2. Традиционное изложение эстетики Плотина

Эстетика Плотина представляет собою чрезвычайно тонкую и весьма углубленную систему, которая является концентрацией всей философии Плотина вообще. Изучить все эти тонкости эстетического мировоззрения Плотина является, при современном состоянии истории философии и истории эстетики, делом весьма трудным и громоздким. Нам хотелось бы, чтобы читатель сначала представил себе эту эстетику Плотина в самом общем виде, как она излагается традиционно. В таком простейшем виде она является прежде всего самым традиционным платонизмом: красота есть воплощение идеи в материи, тем более совершенное, чем она ближе к идеальному миру. Такое изложение эстетики Плотина, вообще говоря, вполне правильно. Однако при таком традиционном взгляде легко сбиться на банальность и упустить из виду весь драматизм и всю трагичность изображения красоты у Плотина. И понять этот драматизм и трагизм можно только после весьма внимательного анализа целого ряда более широких проблем, которые с виду как будто бы и не имеют никакого отношения к эстетике. Таковы проблемы времени и вечности, самости, эманации, логоса, эйдоса, софии и мифа, чем мы и займемся ниже перед анализом чисто эстетических трактатов Плотина. И только проделав весь этот трудный путь анализа сложнейших философско-эстетических проблем, мы сможем в конце книги дать мотивированную характеристику эстетики Плотина во всем ее драматизме и трагизме.
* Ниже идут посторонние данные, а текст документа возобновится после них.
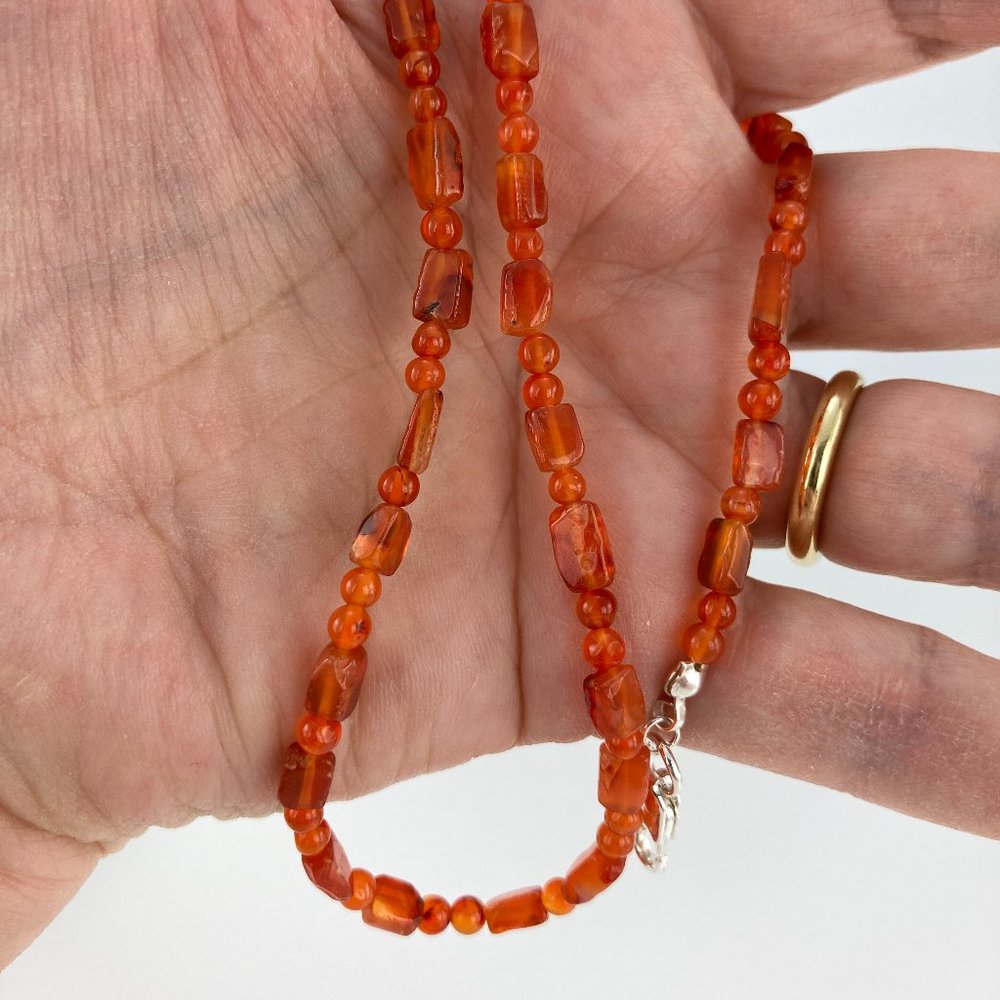 New Carnelian & Honey Amber Choker Necklace, Handmade, BoHo, Festival - Picture 5 of 5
Сейчас же мы находим нужным предварительно рассмотреть такие формы изложения эстетики Плотина, которые являются вполне правильными, но совершенно недостаточными, а с точки зрения нашего современного состояния науки даже иной раз и просто банальными. Рассмотрим несколько таких работ, чтобы читатель был в курсе исторического происхождения и исторической необходимости такого анализа эстетики Плотина, который мы предпринимаем в настоящей работе и который можно было бы рассматривать, по крайней мере, как приблизительный пример именно современного изучения Плотина в целом.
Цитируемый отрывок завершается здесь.